| Work request |
When you reach the line that contains "Zimri Bamboo Pizza Board With Knife", give it back exactly along with each line after it to the end of the entries; skip any pictures.

| Material for this task |

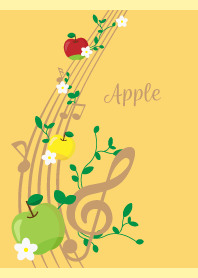 Three colored apples on LY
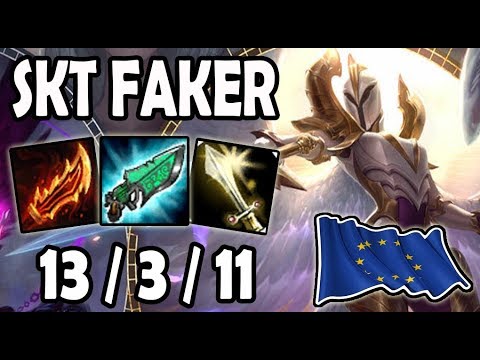 Faker KAYLE vs XAYAH [ MID ] Lol Ranked EUW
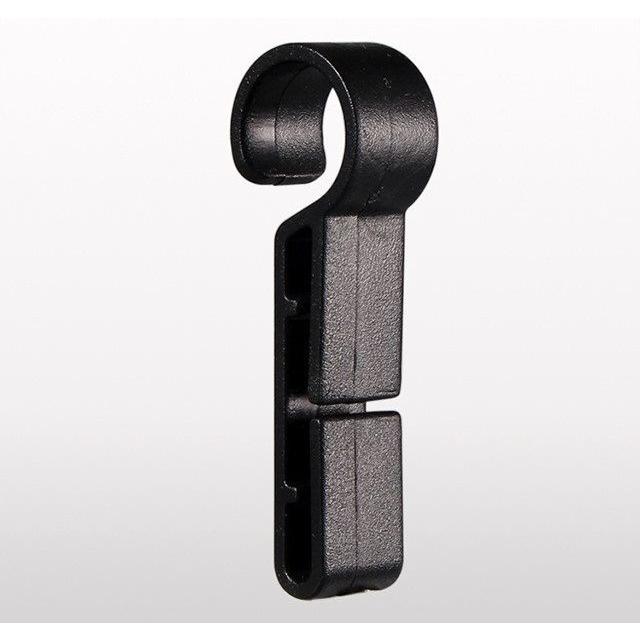 ヘルメットホルダー ヘッドライト固定用 4個セット 着脱簡単 ヘルメットクリップ フック 後付け コンパクト 建築現場 工場 見回り 夜間作業 アウト | plusnao | 04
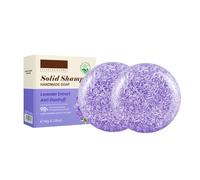 Sapone Shampoo Alla Lavanda Antiforfora & Anti-Prurito - 2 Pezzi - Idratante E Nutriente per Capelli E Cuoio Capelluto - Ingredienti Naturali E Oli Essenziali - Compatto E Ideale per Viaggiare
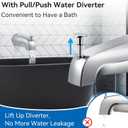 Dreyoo 5 1/4 Inch Bathroom Tub Spout Compatible with Westbrass E531D-1F-62, Fits Wall Front Mount Tub Spout with Shower Diverter 1/2'' IPS Inside Thread Bathtub Faucet (Chrome)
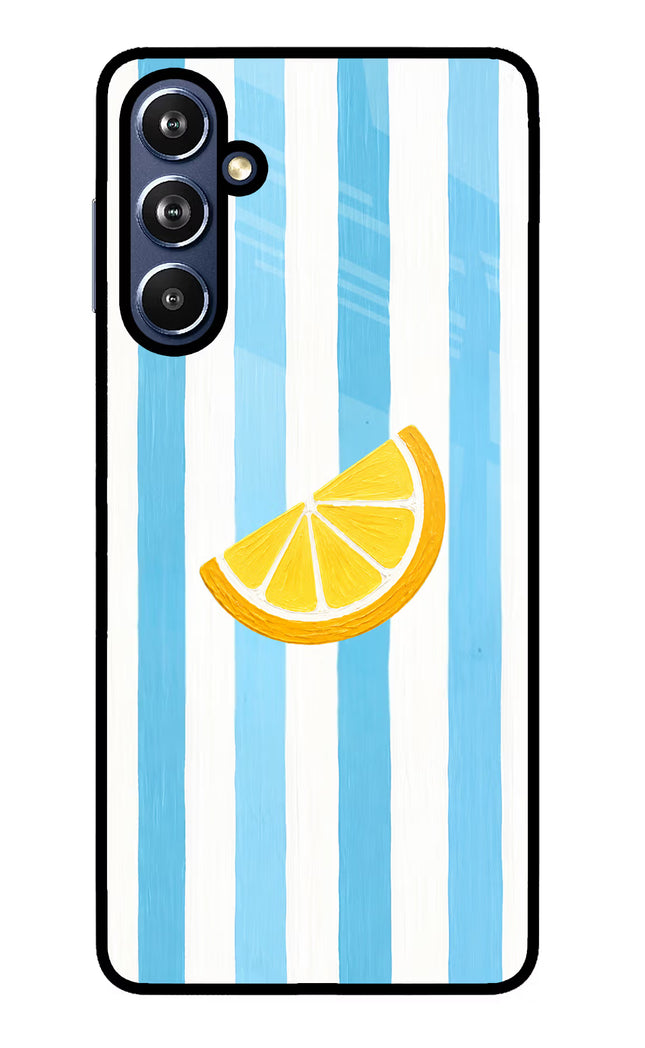 Summer Lemon Samsung F54 5G Glass Case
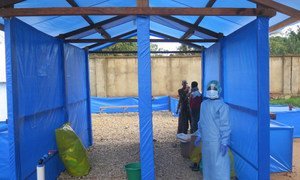 Ebola treatment cente at the Hospital in Beni, North Kivu Province, Democratic Republic of the Congo.  22 August 2018.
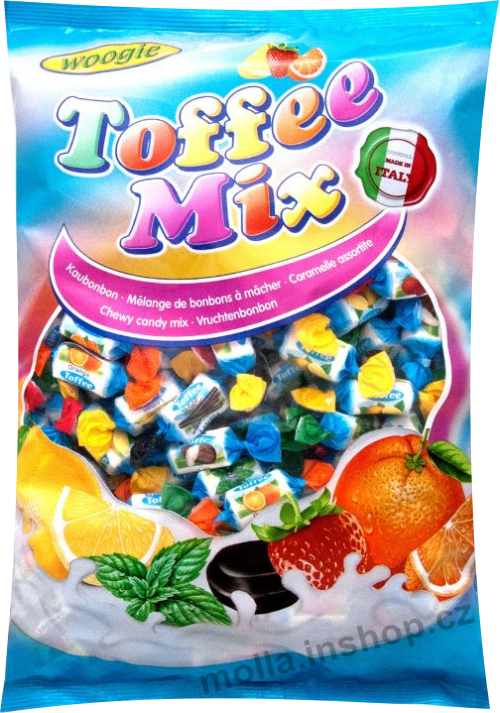 Woogie Toffee mix 1kg/12ks  karamely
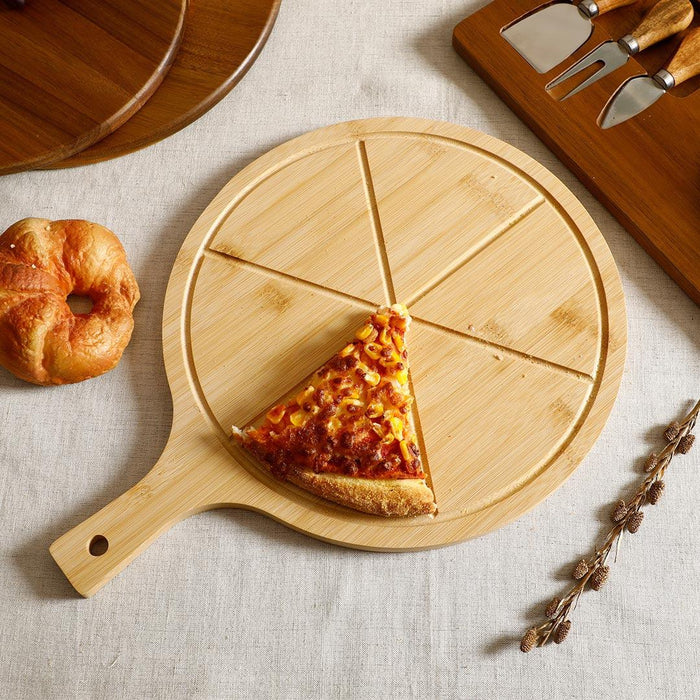 Zimri Bamboo Pizza Board With Knife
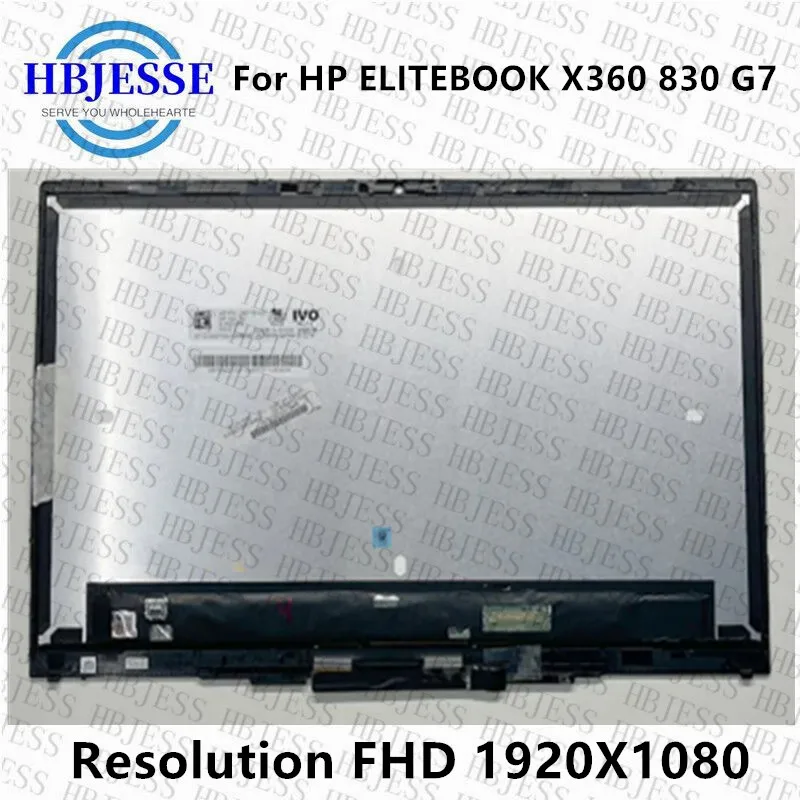 

Original 13.3" FHD IPS 1920*1080 For HP Elitebook X360 830 G7 G8 LCD Touch Screen Digitizer Repalcement Assembly With Frame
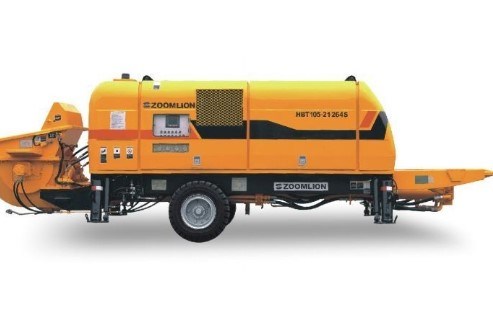 Zoomlion Small Asphalt Concrete Mixing Trailer Mounted Pump for Sale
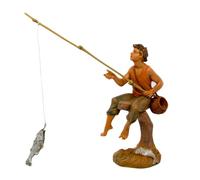Fontanini Statuine presepe Pastori a pesca Categoria Categoria 10cm (cod.211)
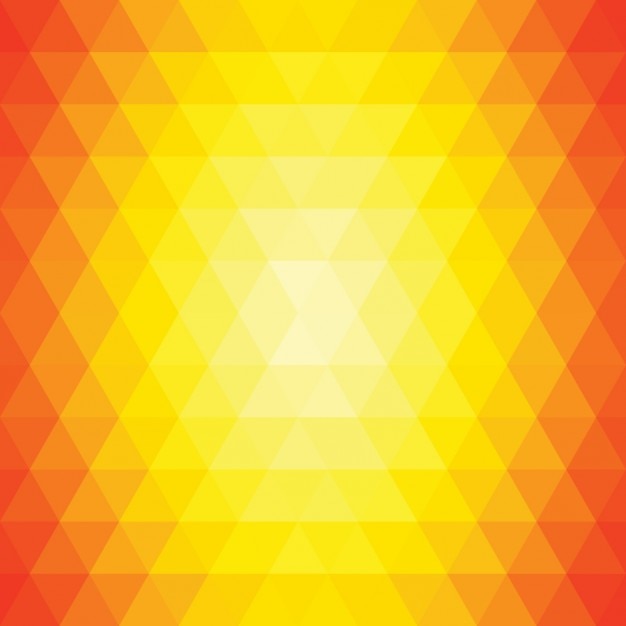 Vetor grátis fundo poligonal em tons amarelos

| Exercise solution |
 Zimri Bamboo Pizza Board With Knife

Original 13.3" FHD IPS 1920*1080 For HP Elitebook X360 830 G7 G8 LCD Touch Screen Digitizer Repalcement Assembly With Frame
 Zoomlion Small Asphalt Concrete Mixing Trailer Mounted Pump for Sale
Fontanini Statuine presepe Pastori a pesca Categoria Categoria 10cm (cod.211)
 Vetor grátis fundo poligonal em tons amarelos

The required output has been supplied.